INFORMATION SUPPLIED:
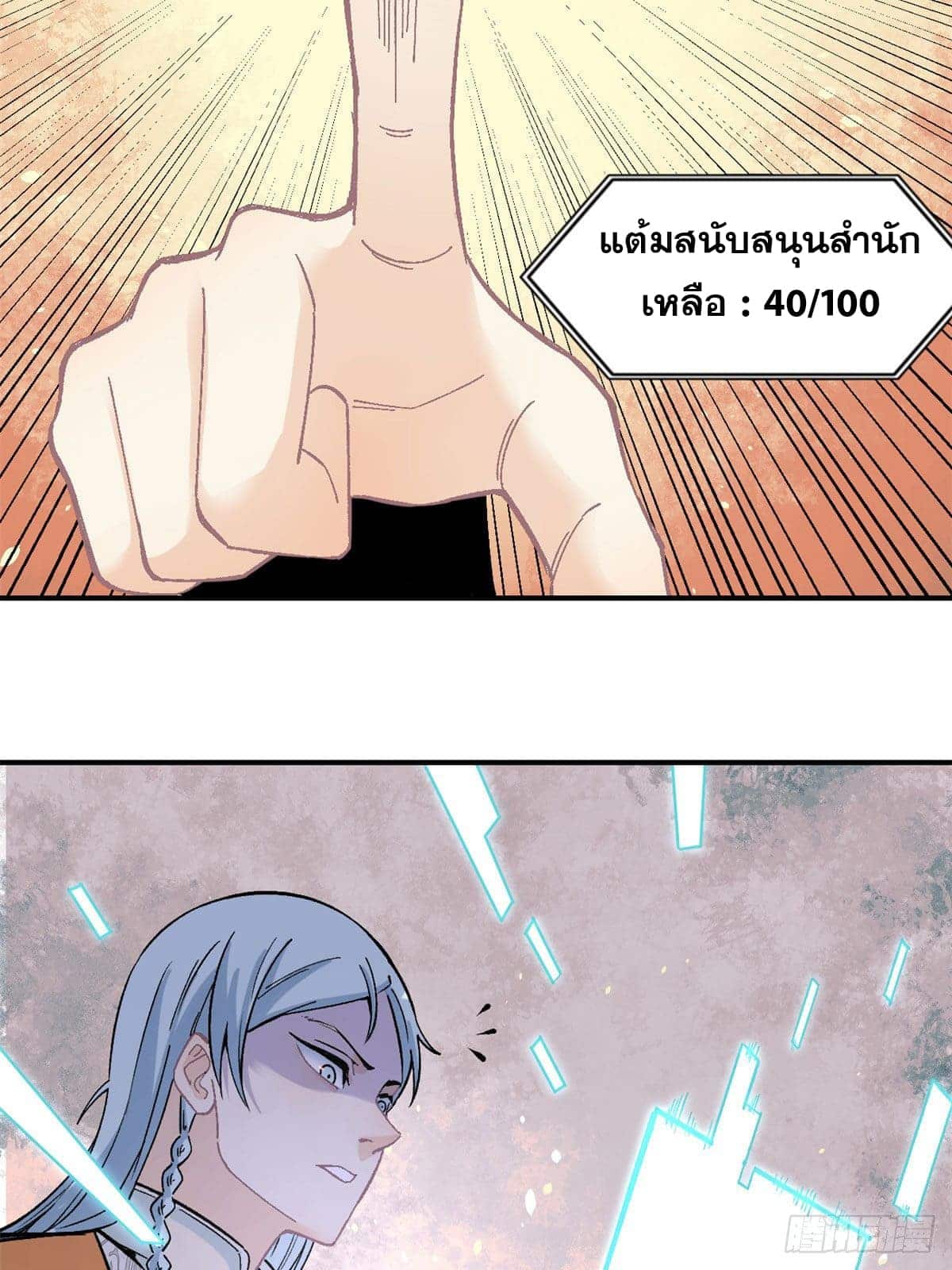 อ่านการ์ตูน Strongest Sect of All Time 21 ภาพที่ 20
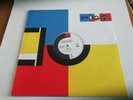 FRANKIE GOES TO HOLLYWOOD RELAX US GIANT 12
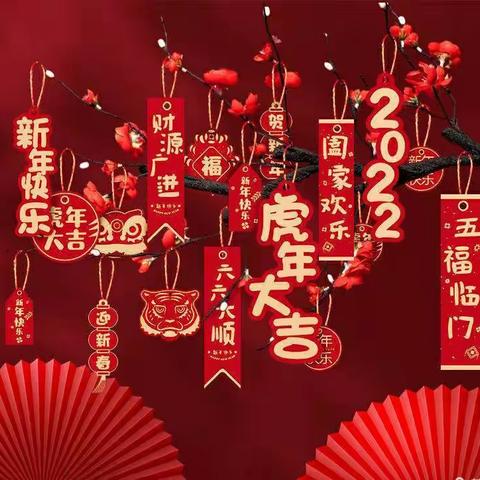 虎年齐乐       乐享新年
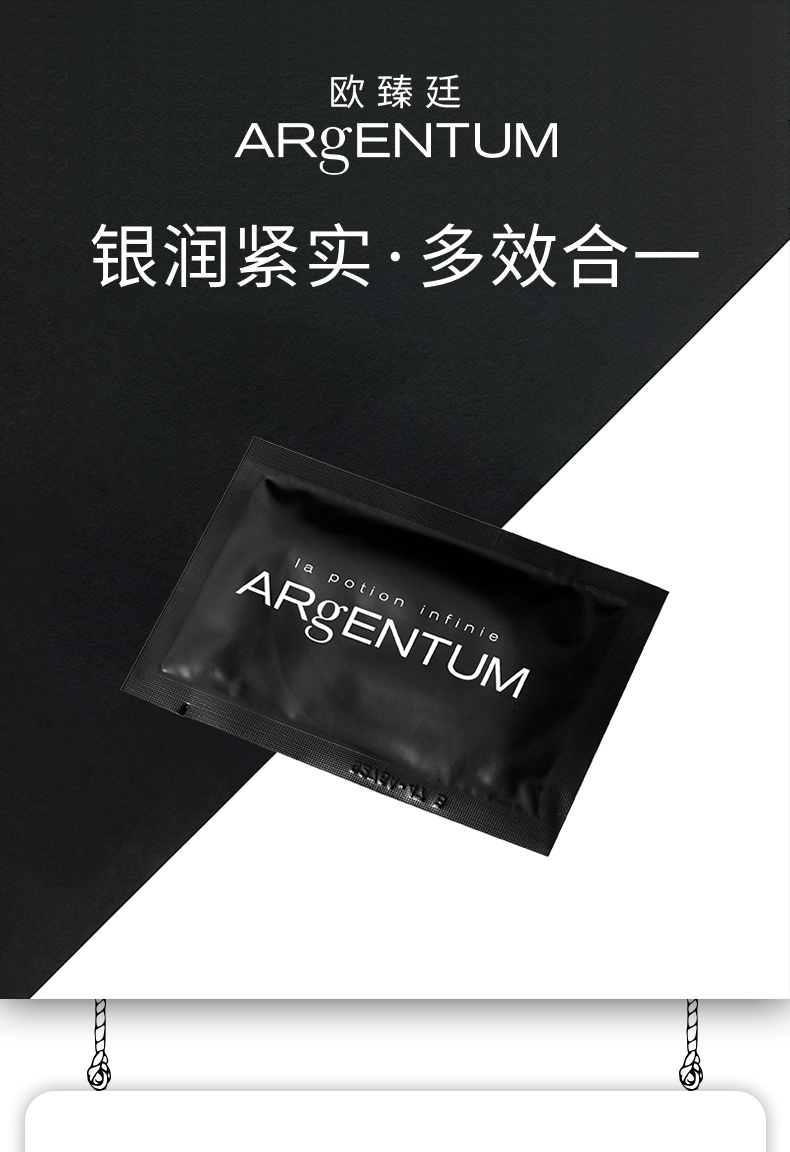 欧臻廷保湿修护亮颜银霜小样 5ml 付费试用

WHAT THE TASK ASKS: Please reproduce all the material exactly. Pictures stay out of the copy.

RESULT:
 อ่านการ์ตูน Strongest Sect of All Time 21 ภาพที่ 20
 FRANKIE GOES TO HOLLYWOOD RELAX US GIANT 12
 虎年齐乐       乐享新年
 欧臻廷保湿修护亮颜银霜小样 5ml 付费试用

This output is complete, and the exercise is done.